__Task objective__: Transcribe the entries below exactly, starting with the line that has "Used 2018 Ford" and stopping after the line that has "神102-725★ ヘネシー Hennessy"; no pictures belong in the copy.

__Supplied records__:
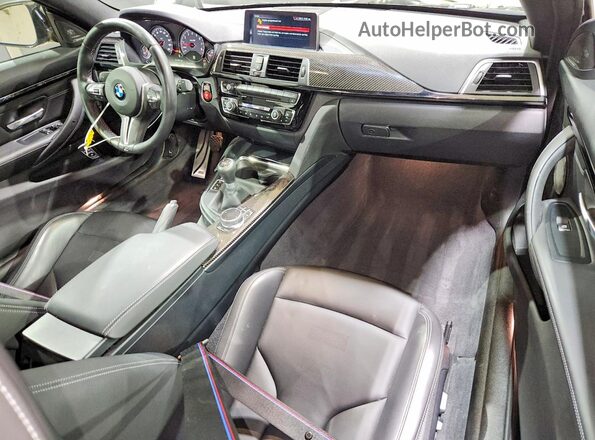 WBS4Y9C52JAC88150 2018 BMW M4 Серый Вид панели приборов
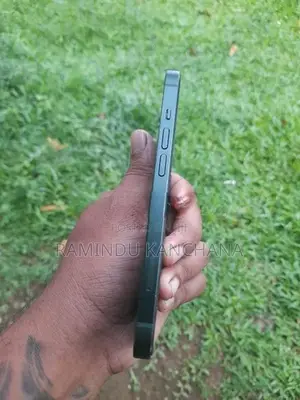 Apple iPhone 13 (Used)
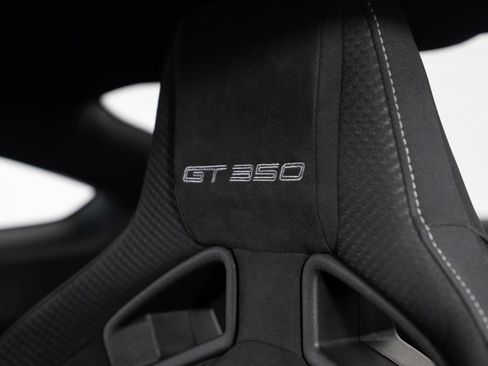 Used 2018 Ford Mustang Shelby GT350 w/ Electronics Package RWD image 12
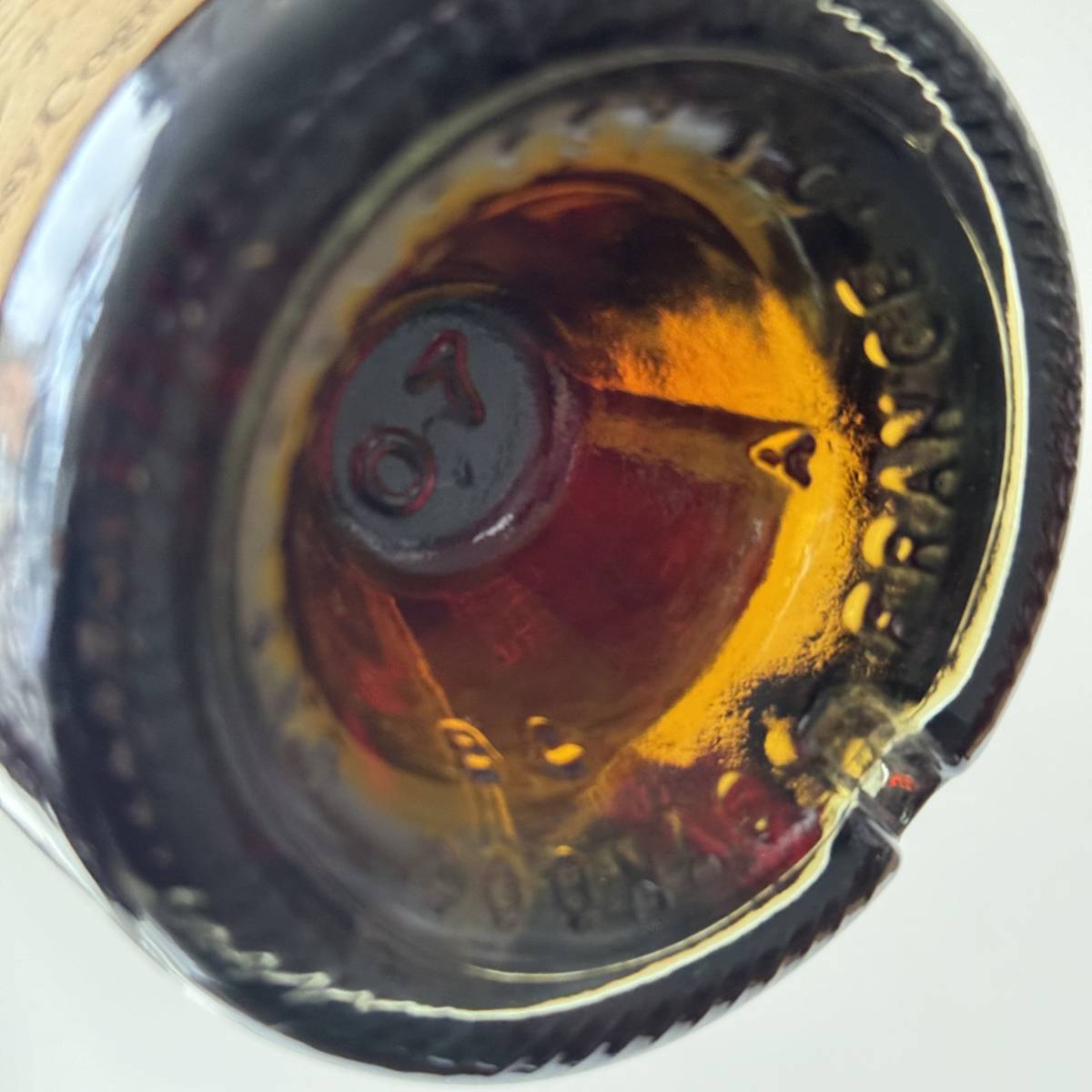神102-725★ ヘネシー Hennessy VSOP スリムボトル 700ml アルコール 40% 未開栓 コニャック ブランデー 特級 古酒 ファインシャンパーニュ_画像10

* * *

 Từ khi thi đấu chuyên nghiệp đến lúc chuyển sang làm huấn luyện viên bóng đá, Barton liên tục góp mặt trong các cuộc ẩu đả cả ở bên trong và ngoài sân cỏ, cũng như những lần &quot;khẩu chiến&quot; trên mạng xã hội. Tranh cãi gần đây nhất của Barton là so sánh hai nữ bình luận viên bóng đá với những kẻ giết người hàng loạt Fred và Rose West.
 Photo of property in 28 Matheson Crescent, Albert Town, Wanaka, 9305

...

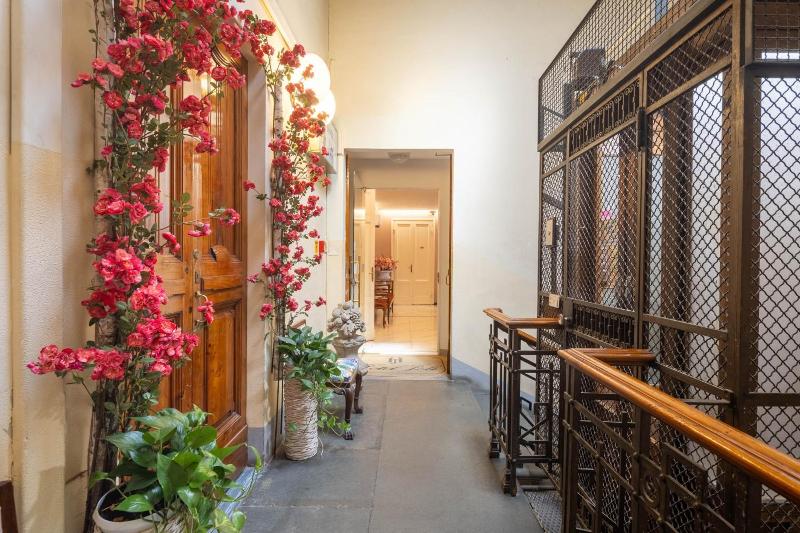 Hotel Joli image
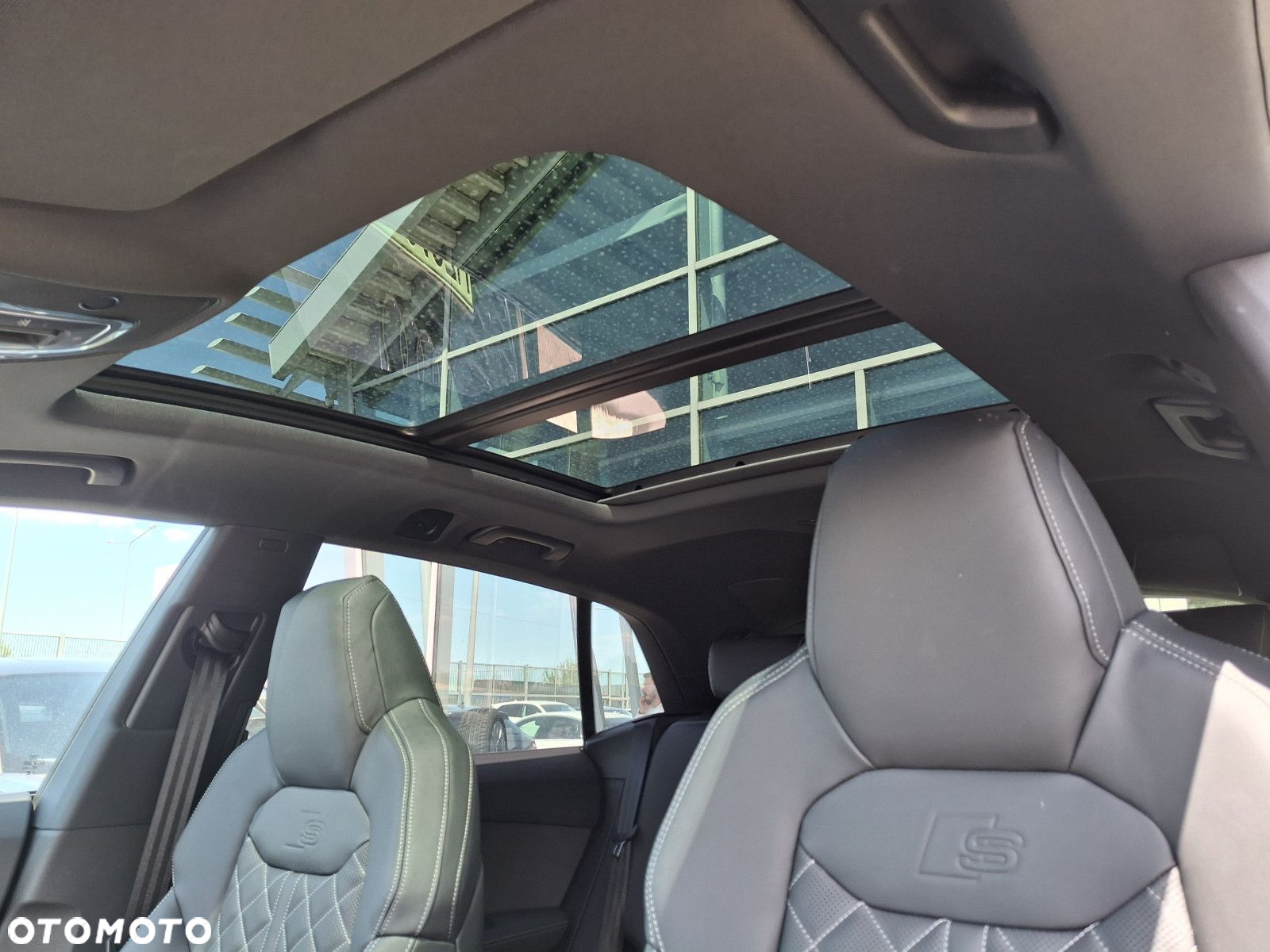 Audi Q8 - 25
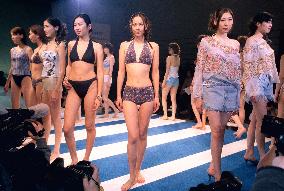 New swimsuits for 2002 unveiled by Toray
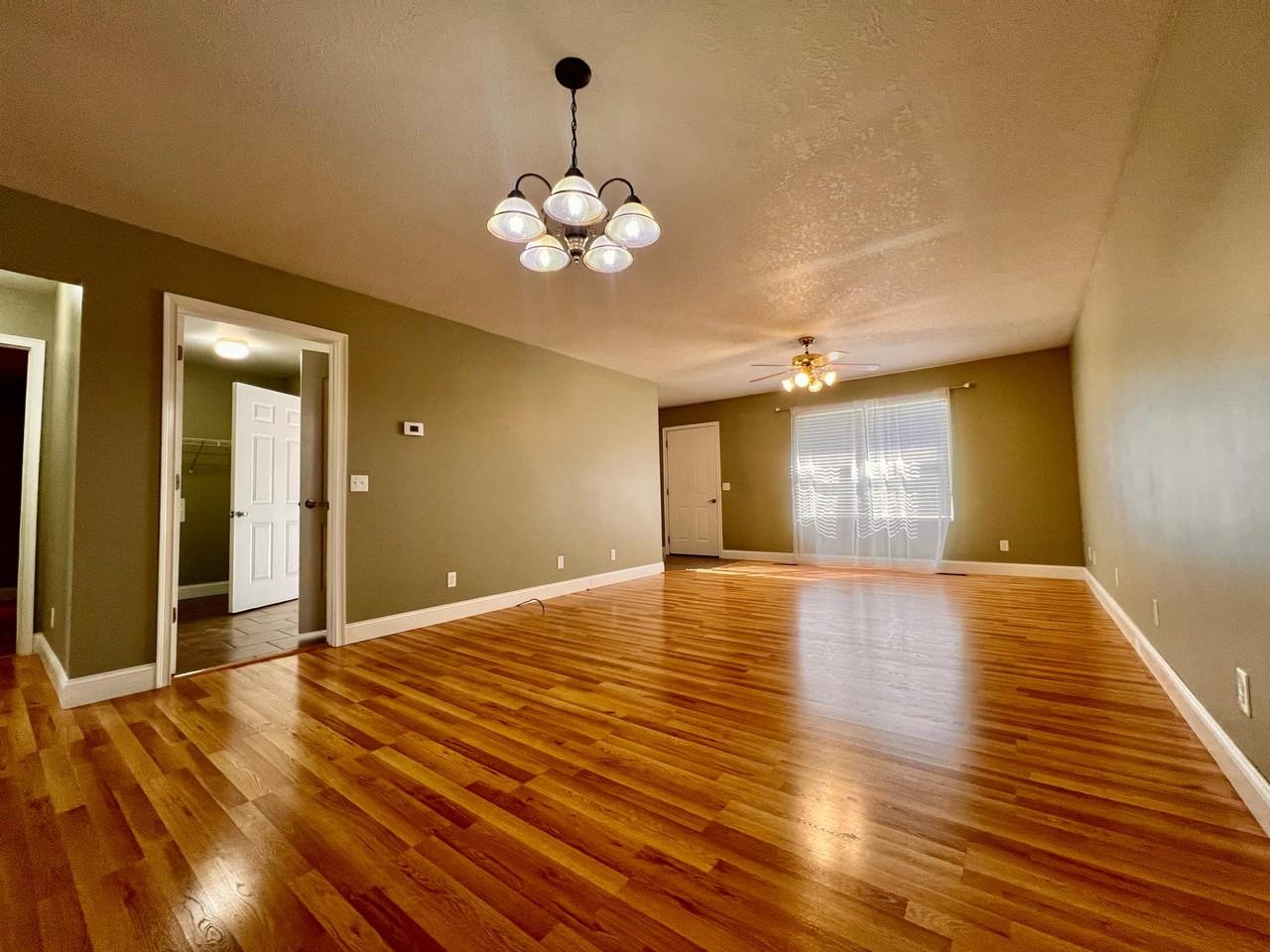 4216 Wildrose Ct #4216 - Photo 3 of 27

__Result for this exercise__:
 Used 2018 Ford Mustang Shelby GT350 w/ Electronics Package RWD image 12
神102-725★ ヘネシー Hennessy VSOP スリムボトル 700ml アルコール 40% 未開栓 コニャック ブランデー 特級 古酒 ファインシャンパーニュ_画像10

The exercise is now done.